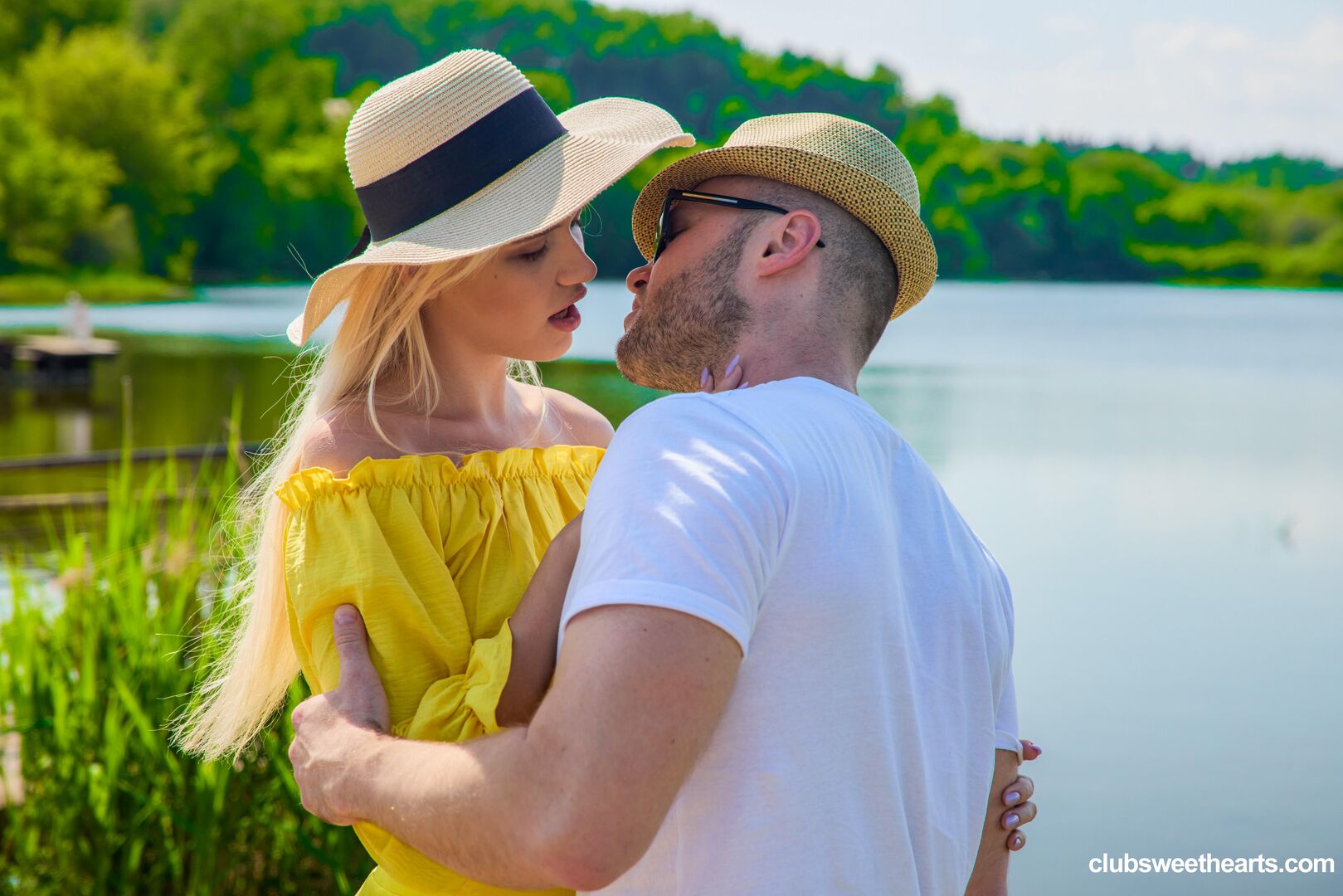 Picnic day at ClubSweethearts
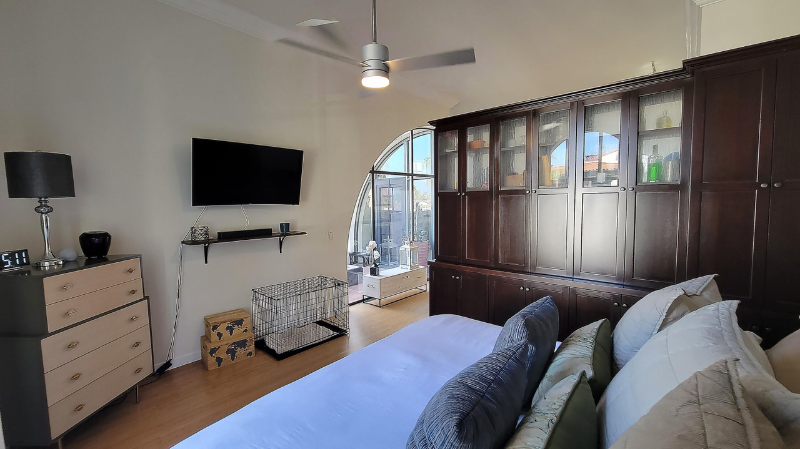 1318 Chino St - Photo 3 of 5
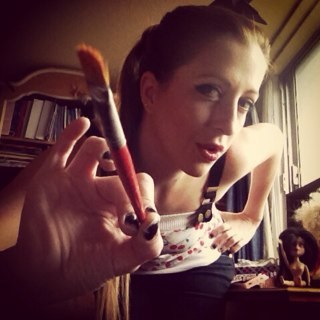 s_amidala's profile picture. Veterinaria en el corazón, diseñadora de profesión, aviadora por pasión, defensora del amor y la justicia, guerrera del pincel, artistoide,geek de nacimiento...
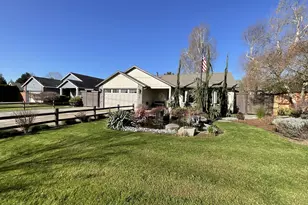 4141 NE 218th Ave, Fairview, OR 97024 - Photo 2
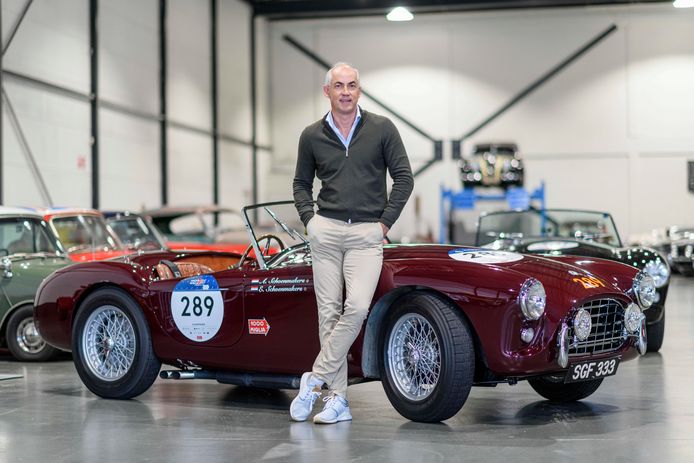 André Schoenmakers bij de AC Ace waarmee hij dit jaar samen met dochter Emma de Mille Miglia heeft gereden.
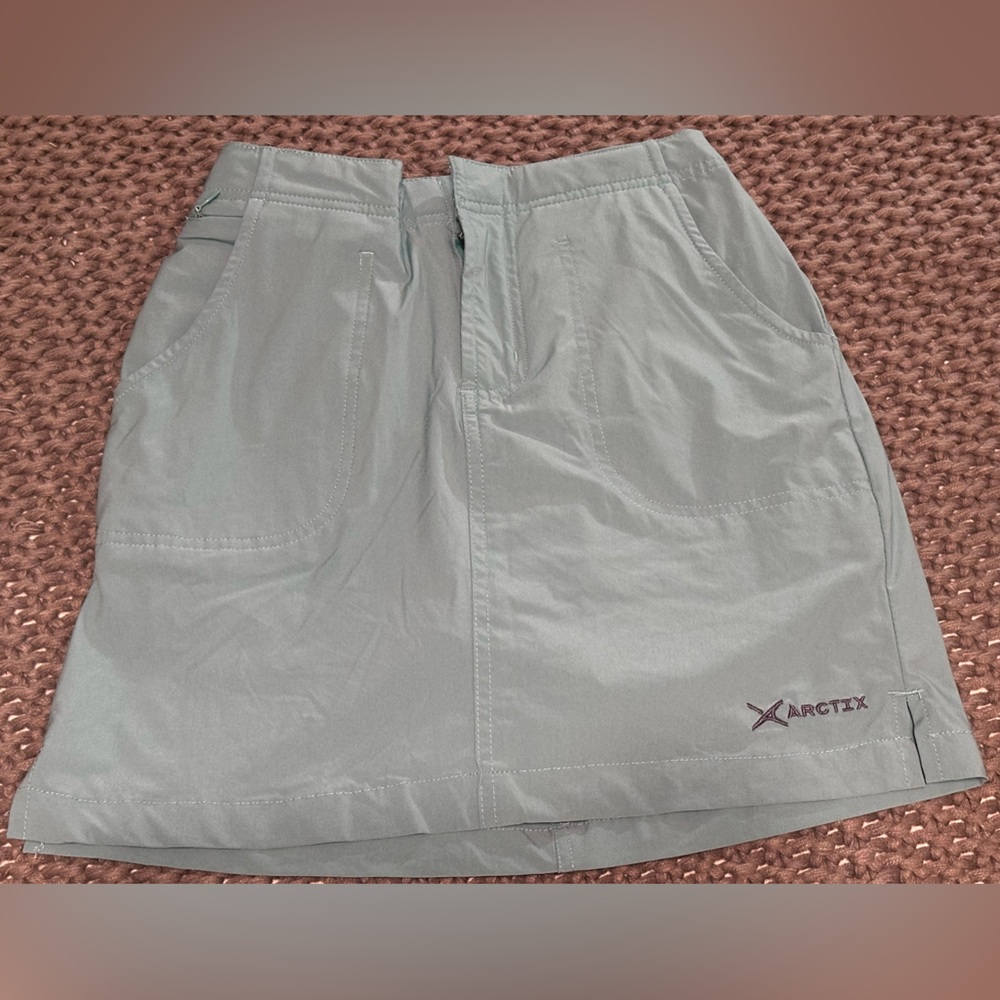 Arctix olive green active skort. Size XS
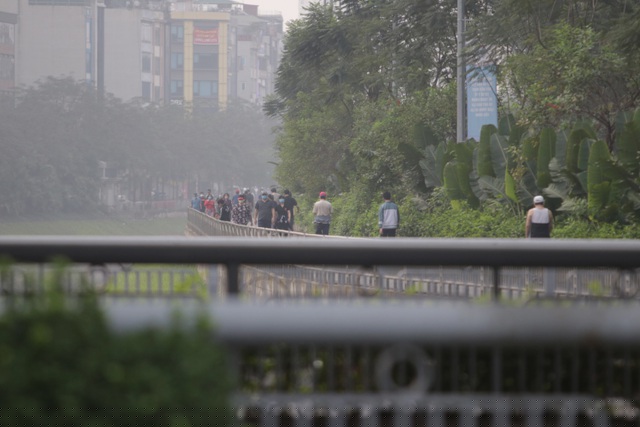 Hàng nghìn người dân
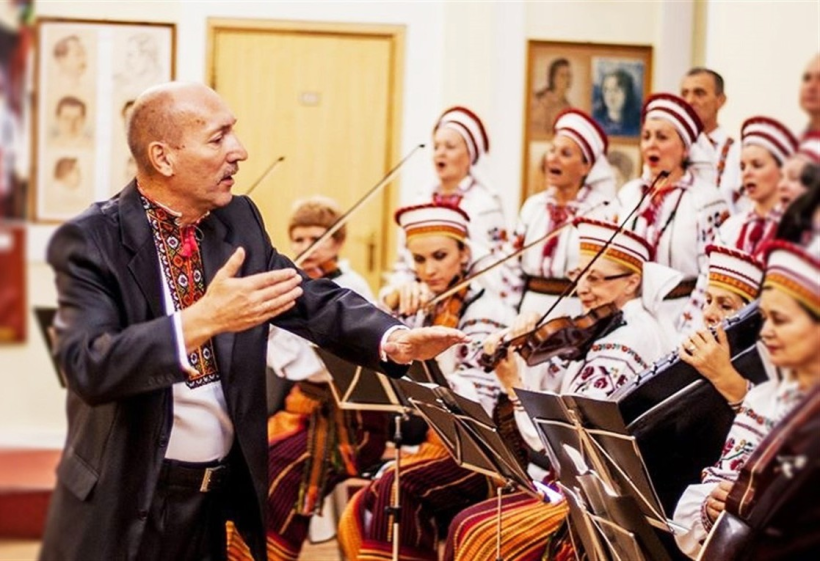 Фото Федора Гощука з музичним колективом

...

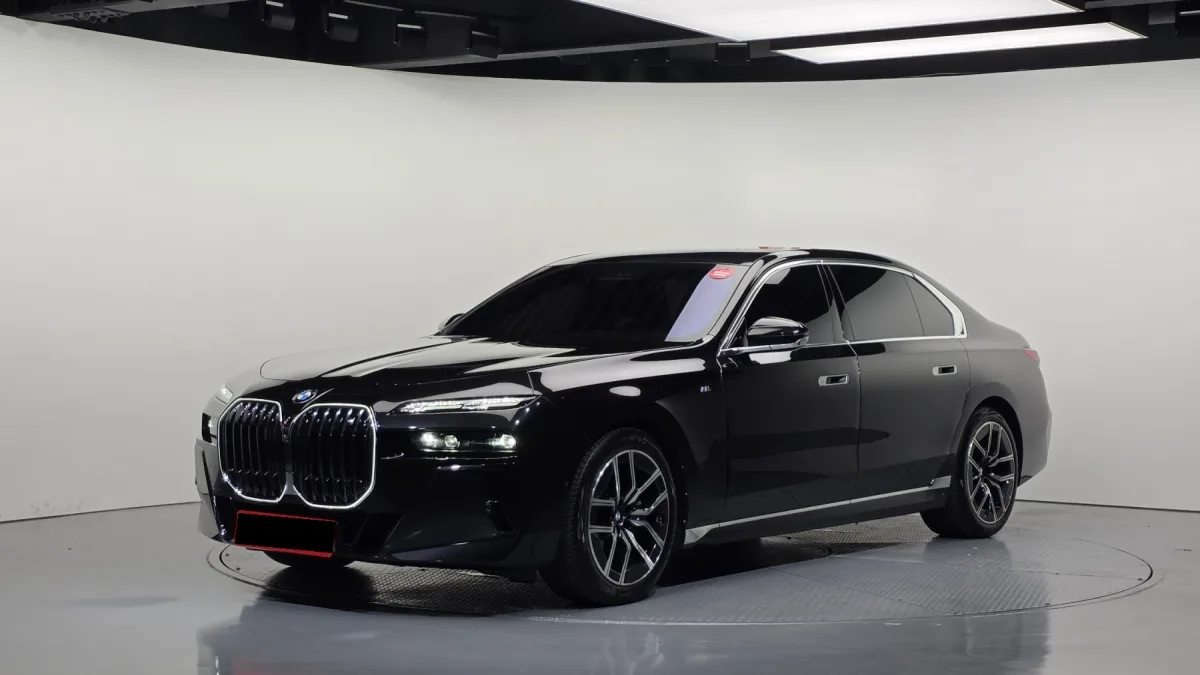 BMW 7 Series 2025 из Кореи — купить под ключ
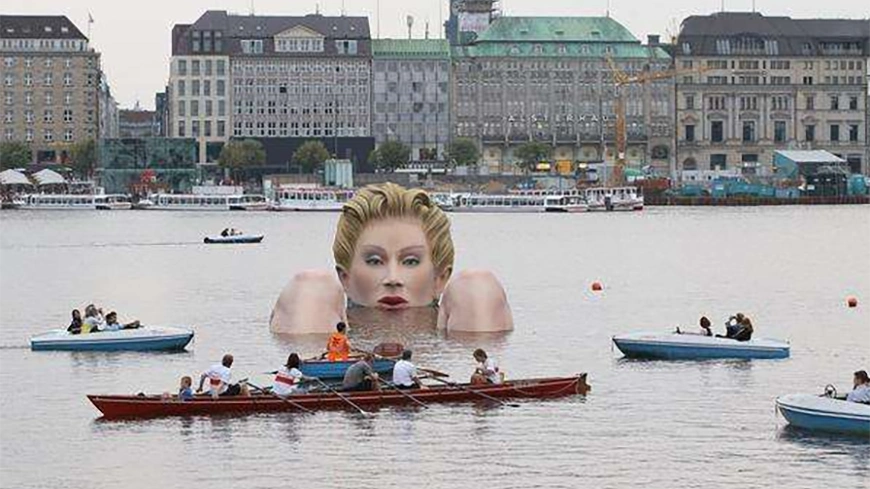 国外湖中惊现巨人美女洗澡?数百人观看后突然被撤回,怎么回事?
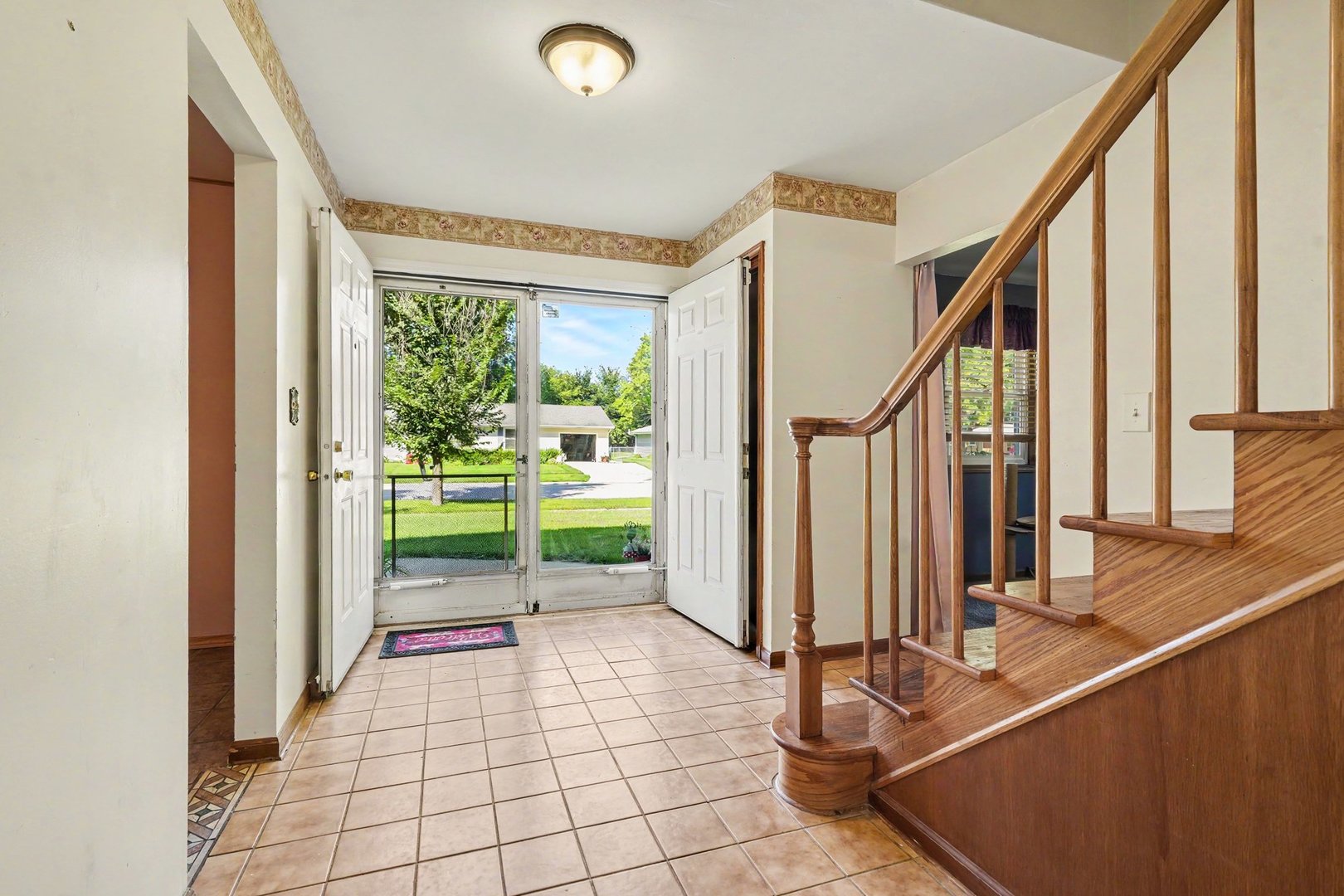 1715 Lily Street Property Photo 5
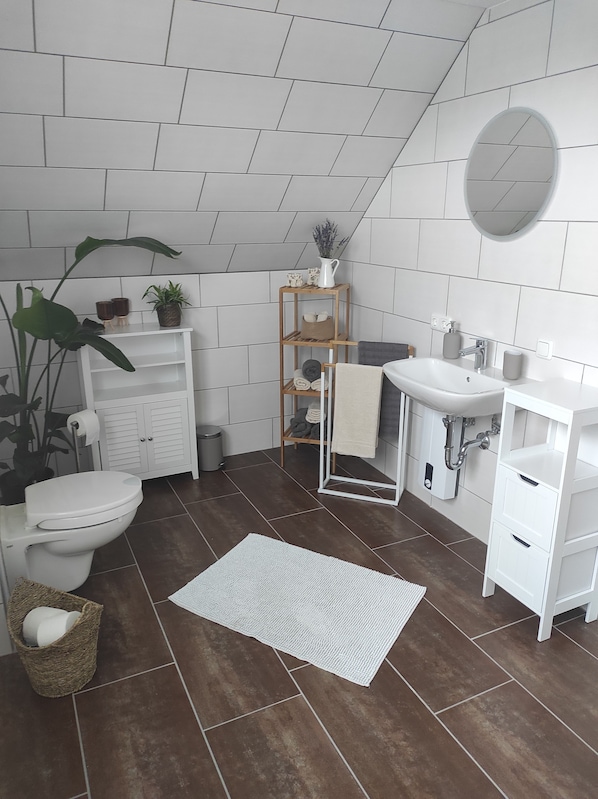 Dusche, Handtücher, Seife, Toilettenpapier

__What to do__:
Among the lines above, the one with "1715 Lily Street Property Photo 5" opens the part to repeat and the one with "Dusche, Handtücher, Seife, Toilettenpapier" closes it; repeat only that part exactly, with no pictures.

__Output for this task__:
 1715 Lily Street Property Photo 5
 Dusche, Handtücher, Seife, Toilettenpapier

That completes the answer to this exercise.